CORPORATE

There’s a storm brewing in Spain, and if the mighty European Commission (EC) is in any doubt over whether it should pull its finger out concerning the Thirteenth European Company Law Directive, it should check out what’s going on over there at the moment. That will wipe the smirk off its collective face.

It has taken 10 years to get to a stage where there is some agreement on a set of laws that will ensure a minimum level of protection for shareholders. However, in December the Strasbourg parliament suggested a fundamental number of changes to the proposed law. So that’s a decade well spent then.

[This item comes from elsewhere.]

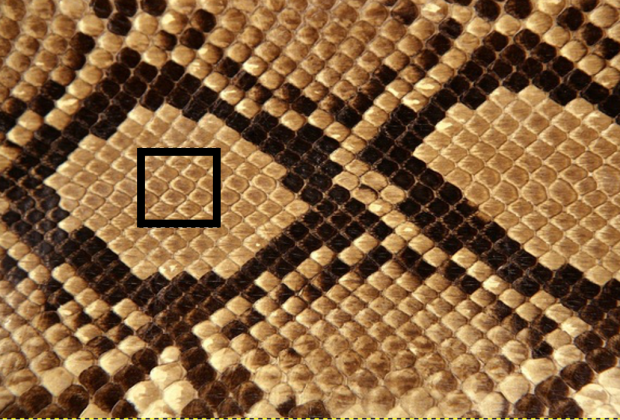 Создаем текстуру змеиной кожи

What about the EC looking to Spain to glean a sense of urgency about this situation? If there was ever a case for one country having one set of laws to be guided by, then this is it. Think about this: Spain’s fourth largest electricity utility Hidroelectrica del Cantabrico, represented by its long-term adviser Uría & Menéndez, is currently enjoying the attentions of three interested parties. The first is Ferroatlantica, a privately-owned Spanish industrial company backed by German-based Energie Baden-Wurrtemberg (EnBW), advised by Garrigues & Andersen. The second is Electricidade de Portugal (EdP), backed by savings bank Cajastur, a shareholder in the target company. SJ Berwin is advising the Portuguese bidder, while Freshfields is acting for the financial house. The third interested party is German utility RWE, represented by highly-respected local M&A practice Despacho Melchor de las Heras Albiñana & Suárez de Lezo.

All fine and dandy, until you consider the convoluted and outdated takeover rules each firm has to grapple with. The Spanish code dates back to 1991, when, despite Spain already having a set of rules, the government made some amendments. It was again amended in 1999 to allow offerors in a competing bid to pay for a target in cash or securities. Before that, only cash was accepted.

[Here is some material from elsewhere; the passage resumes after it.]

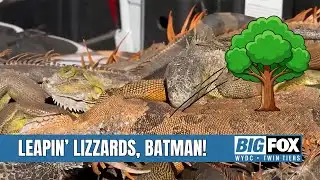 Cold snap leaves iguanas falling from trees in South Florida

However, while this last point may seem antiquated, other elements of the code beggar belief – mostly the notion of the “priority bidder”, in this case Ferroatlantica. The Spanish takeover code stipulates that the first company to bid is entitled to up its bid after the competing bids have come in. Ferroatlantica initially put in a very low bid of euro19 (12p) per share for 25 per cent of the company to get its foot in the door. It can now wait to make its move, trumping the euro24 (15p) and euro26 (16p) per share bids put forward by EdP and RWE.

So what is the point of EdP and RWE continuing? On their side, the National Securities Market Commission (NSMC), the Spanish equivalent of our Department of Trade and Industry, has approved the Portuguese bid and is expected to make a decision on the German offer in the coming weeks. EdP already has a 20 per cent shareholding in the target and is hoping to purchase US-based energy company TXU’s 15 per cent share in Cantabrico to shore up its position. TXU unsuccessfully attempted to purchase Cantabrico last March.

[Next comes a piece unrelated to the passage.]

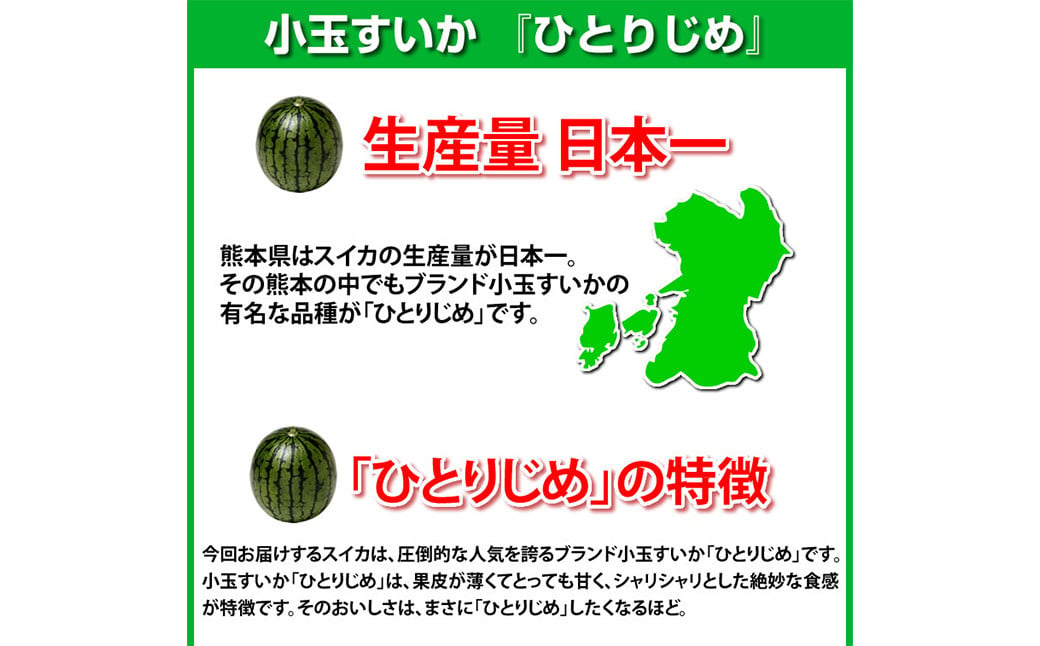 小玉すいか 秀品 2玉 約2～3kg 送料無料 スイカ すいか 益城町産 お取り寄せ お取り寄せグルメ 西瓜 フルーツ 【2025年5月下旬～7月下旬発送予定】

This is the first time the code has been tested in terms of a competitive bid – the general consensus among the region’s lawyers is that it needs changing.

Following a period of sustained M&A activity in telecoms, the focus is now on electricity utilities. The chance of local mergers between Spanish utilities are unlikely after the merger between the two biggest utilities. Iberdrola and Endesa was called off following the NSMC ruling that both would have to dispose of many assets to meet government conditions. Will the EC’s Company Law Directive regulate this hotchpotch of anti-competitive rules?

As one lawyer says, why should one company have the final bid when the competing bidders can go higher? Is this really serving the best interests of shareholders? According to one M&A expert, when amendments were made to the code in 1991, the government was open about the fact that it would change once the EC set out its store. Even now, according to one M&A partner, the government is still liable to see what moves will be made by the EC.

The government is stuck in a vicious circle: if it makes amendments again, the directive may come into force; if it doesn’t, and Spain waits, then a long-drawn-out nightmare like this may occur again and the interest of shareholders is put at risk. For any business community, that is simply not good enough.